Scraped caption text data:
**********

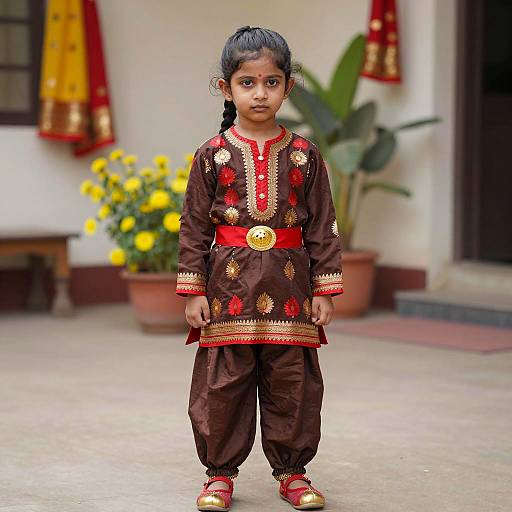 Elegant Young Girl in Traditional Costume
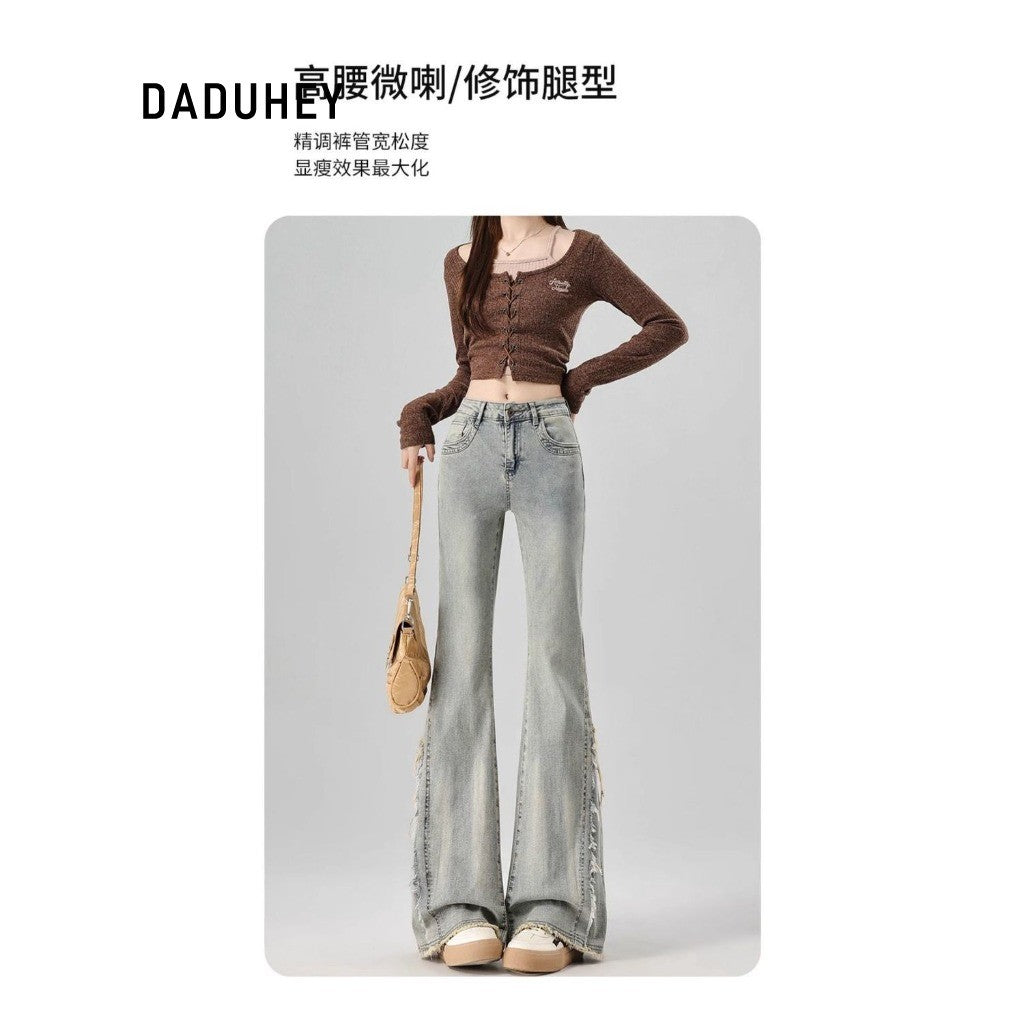 DADUHEY Flared Jeans Women | Retro High-Waist Raw Hem | 1968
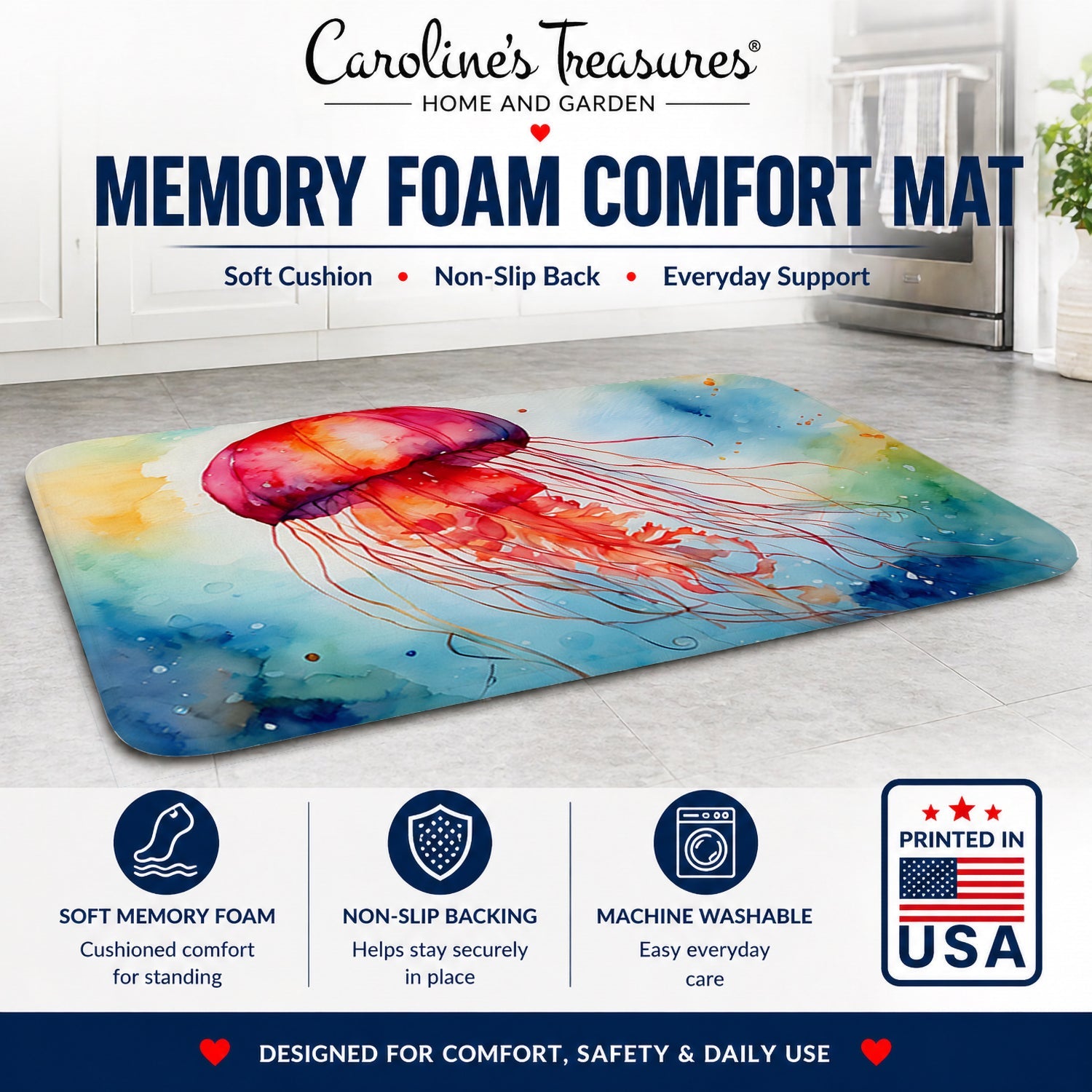 Jellyfish Memory Foam Kitchen Mat Machine Washable Anti-Fatigue Cushion Comfort Bath or Kitchen Rug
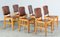 Antique Brown Leather & Walnut Dining Chairs, Set of 6, Image 2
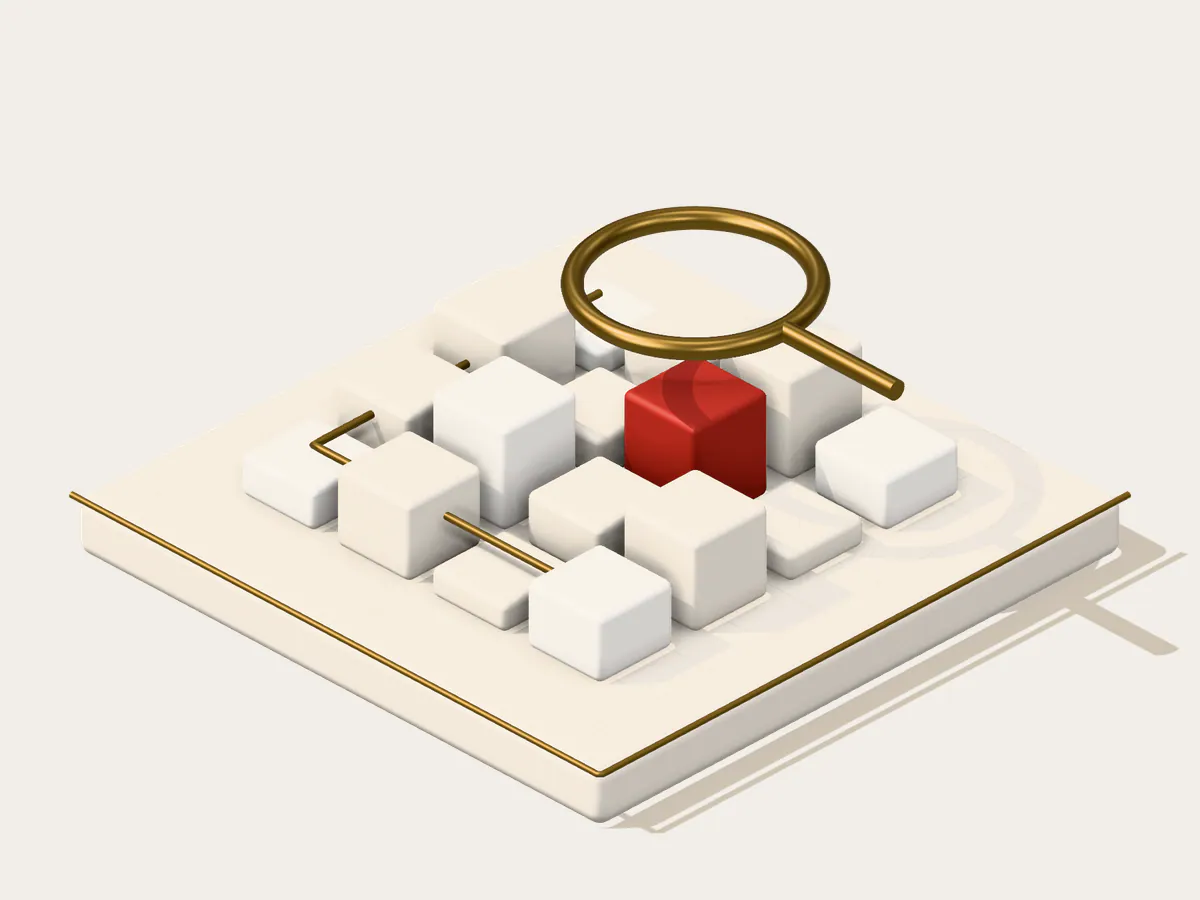 Emblem for smart contract assessment: a grid of contract modules under the Quantix lens, one marked red as a finding.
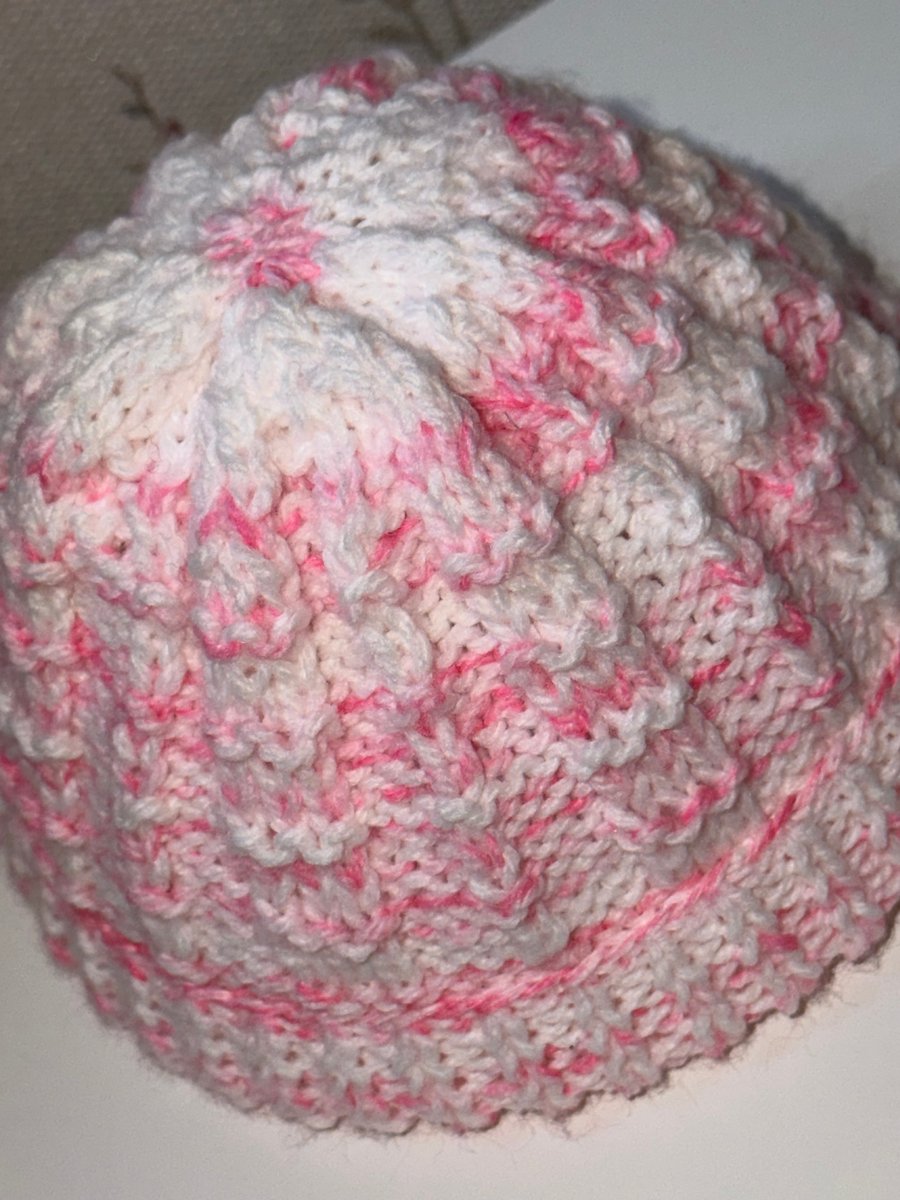 Hand knitted baby hat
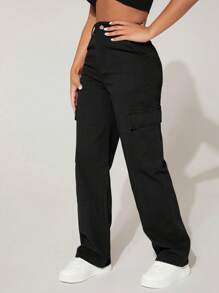 SHEIN PETITE High Waist Flap Pocket Cargo Jeans - Black - View 4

**********

_WHAT THE TASK REQUIRES_. Exactly as written, print each entry, leaving all pictures out.

_TASK ANSWER_.
 Elegant Young Girl in Traditional Costume
 DADUHEY Flared Jeans Women | Retro High-Waist Raw Hem | 1968
 Jellyfish Memory Foam Kitchen Mat Machine Washable Anti-Fatigue Cushion Comfort Bath or Kitchen Rug
 Antique Brown Leather & Walnut Dining Chairs, Set of 6, Image 2
 Emblem for smart contract assessment: a grid of contract modules under the Quantix lens, one marked red as a finding.
 Hand knitted baby hat
 SHEIN PETITE High Waist Flap Pocket Cargo Jeans - Black - View 4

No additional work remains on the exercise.